According to Infraspeak, 47% of global manufacturers use predictive maintenance technologies to reduce operational costs. In this context, implementing a digital system that is able to connect field information to ERP and CMMS is essential for companies seeking to improve their predictive maintenance practices and achieve projected outcomes.
By having a single, integrated system, companies can access accurate and trustworthy data quickly and easily. This will help them make informed decisions about when and how to perform maintenance without any unnecessary overlapping. In this sense, integrating applications can help businesses avoid the pitfalls of unreliable and inefficient maintenance practices.
In the case of heavy-asset industries, operations generate extensive amounts of data that require interconnectedness. For this purpose, system integration provides improved data management and analysis, allowing companies to make more informed decisions and gain a competitive advantage through data utilization. By building a maintenance strategy in these terms, companies can leverage the multiple benefits of a proactive approach.
Conclusion
Predictive maintenance is a crucial aspect of modern maintenance practices, allowing organizations to proactively identify and address potential issues before they escalate into bigger problems. However, for predictive maintenance to be effective, it is essential to have reliable and connected data systems that can provide relevant information to the predictive models.

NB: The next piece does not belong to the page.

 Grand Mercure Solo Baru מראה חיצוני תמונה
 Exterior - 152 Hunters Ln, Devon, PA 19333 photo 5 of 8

Without trusty data and a connected infrastructure, predictive maintenance can easily fall short, resulting in ineffective decision-making and missed opportunities to improve maintenance processes. Thus, organizations must invest in data and technology infrastructure to support them and combine it with their professional expertise. Only then, industries will be able to achieve the benefits of predictive maintenance and drive improved maintenance outcomes.